US 12,465,276 B2
Method and system for reflectance imaging of peripheral nerves
Jung Sun Yoo, Hong Kong (CN); and Ngai Nick Alex Wong, Hong Kong (CN)
Assigned to The Hong Kong Polytechnic University, Hong Kong (CN)
Filed by THE HONG KONG POLYTECHNIC UNIVERSITY, Hong Kong (CN)
Filed on Dec. 5, 2022, as Appl. No. 18/061,500.
Claims priority of provisional application 63/265,158, filed on Dec. 9, 2021.
Prior Publication US 2023/0181091 A1, Jun. 15, 2023
Int. Cl. A61B 5/00 (2006.01); G01N 21/27 (2006.01); G01N 21/64 (2006.01)
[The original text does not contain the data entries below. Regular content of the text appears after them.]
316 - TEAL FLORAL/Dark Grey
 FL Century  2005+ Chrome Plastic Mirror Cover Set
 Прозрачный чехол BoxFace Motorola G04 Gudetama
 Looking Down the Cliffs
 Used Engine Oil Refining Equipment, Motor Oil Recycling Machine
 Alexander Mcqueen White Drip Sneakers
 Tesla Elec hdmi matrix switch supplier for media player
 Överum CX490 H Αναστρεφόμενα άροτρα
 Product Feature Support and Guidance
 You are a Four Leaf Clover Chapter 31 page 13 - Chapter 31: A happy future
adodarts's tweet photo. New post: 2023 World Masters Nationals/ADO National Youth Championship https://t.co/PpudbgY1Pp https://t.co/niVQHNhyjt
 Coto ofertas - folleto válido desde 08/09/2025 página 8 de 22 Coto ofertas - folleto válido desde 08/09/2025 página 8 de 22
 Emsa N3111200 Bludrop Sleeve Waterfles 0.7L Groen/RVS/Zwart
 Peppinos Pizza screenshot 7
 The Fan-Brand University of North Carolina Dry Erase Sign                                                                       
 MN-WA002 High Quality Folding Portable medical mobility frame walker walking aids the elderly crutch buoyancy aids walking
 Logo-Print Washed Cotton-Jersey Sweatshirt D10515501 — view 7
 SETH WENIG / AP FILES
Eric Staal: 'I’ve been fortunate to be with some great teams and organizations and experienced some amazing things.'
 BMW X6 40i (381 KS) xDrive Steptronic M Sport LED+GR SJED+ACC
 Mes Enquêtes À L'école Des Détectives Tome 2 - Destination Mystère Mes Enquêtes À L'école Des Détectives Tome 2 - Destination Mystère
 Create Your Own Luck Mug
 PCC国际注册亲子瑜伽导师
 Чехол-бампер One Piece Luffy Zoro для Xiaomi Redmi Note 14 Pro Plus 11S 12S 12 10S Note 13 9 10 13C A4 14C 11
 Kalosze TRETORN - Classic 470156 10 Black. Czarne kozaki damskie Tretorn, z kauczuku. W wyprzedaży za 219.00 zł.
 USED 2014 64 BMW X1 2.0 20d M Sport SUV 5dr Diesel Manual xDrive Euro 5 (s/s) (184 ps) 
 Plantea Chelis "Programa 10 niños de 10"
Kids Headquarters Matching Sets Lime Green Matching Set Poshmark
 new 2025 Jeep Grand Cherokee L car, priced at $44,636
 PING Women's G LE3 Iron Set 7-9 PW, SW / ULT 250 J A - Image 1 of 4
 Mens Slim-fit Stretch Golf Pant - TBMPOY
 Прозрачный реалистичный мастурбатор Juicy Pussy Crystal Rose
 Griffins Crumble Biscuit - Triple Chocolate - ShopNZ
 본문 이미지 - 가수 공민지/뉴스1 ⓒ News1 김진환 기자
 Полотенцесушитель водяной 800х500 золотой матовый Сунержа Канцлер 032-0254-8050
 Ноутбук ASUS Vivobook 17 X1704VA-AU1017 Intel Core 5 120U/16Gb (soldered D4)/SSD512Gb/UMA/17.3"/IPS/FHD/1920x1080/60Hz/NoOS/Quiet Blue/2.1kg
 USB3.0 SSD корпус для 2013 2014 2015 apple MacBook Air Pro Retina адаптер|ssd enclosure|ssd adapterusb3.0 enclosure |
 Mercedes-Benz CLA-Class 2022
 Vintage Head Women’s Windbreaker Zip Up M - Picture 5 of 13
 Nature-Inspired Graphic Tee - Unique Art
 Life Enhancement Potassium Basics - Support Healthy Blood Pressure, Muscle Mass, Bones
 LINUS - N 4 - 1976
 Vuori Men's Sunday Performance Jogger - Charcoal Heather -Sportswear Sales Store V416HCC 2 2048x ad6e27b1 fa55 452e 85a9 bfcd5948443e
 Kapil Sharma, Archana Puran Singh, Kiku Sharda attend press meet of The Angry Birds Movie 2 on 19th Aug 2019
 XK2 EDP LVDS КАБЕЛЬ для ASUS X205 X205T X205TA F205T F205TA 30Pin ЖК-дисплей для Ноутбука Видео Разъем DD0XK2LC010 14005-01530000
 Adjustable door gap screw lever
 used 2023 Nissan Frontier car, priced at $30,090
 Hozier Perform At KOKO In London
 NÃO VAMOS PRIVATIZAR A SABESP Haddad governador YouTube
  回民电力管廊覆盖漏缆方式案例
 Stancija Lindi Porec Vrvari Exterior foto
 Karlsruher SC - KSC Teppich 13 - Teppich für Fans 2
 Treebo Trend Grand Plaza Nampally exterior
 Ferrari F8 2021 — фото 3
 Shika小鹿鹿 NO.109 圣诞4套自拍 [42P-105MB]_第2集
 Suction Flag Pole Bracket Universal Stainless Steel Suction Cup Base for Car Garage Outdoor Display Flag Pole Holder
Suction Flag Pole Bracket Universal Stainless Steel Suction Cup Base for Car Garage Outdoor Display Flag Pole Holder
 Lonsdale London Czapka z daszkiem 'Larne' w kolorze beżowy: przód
CPC A61B 5/4041 (2013.01) [A61B 5/0082 (2013.01); G01N 21/27 (2013.01); G01N 21/6428 (2013.01); G01N 2021/6439 (2013.01); G01N 2201/0612 (2013.01); G01N 2201/062 (2013.01)] 5 Claims
OG exemplary drawing
 
1. A system for real time imaging a peripheral nerve in a tissue sample in a surgery, the system comprising:
a light source configured to irradiate the tissue sample,
a photodetector configured to detect reflected light at a wavelength of 410-490 nm from the tissue sample, and
a computer configured to:
generate one or more images from the detected reflected light;
use a first deep learning model to classify the one or more images so as to identify one or more nerve-related extracted images, wherein each of the one or more nerve-related extracted images is an image with a presence of nerve;
use a second deep learning model to perform segmentation of the peripheral nerve in each of the one or more nerve-related extracted images for highlighting one or more specific anatomical structures of the peripheral nerve to a surgeon during the surgery;
additionally use the first deep learning model to determine if the second deep learning model for nerve segmentation provides one or more confusing nerve segments; and
if it is determined that the second deep learning model provides the one or more confusing nerve segments, alert the surgeon to conduct a surgical procedure with extra caution to prevent damage to nerve during the surgery.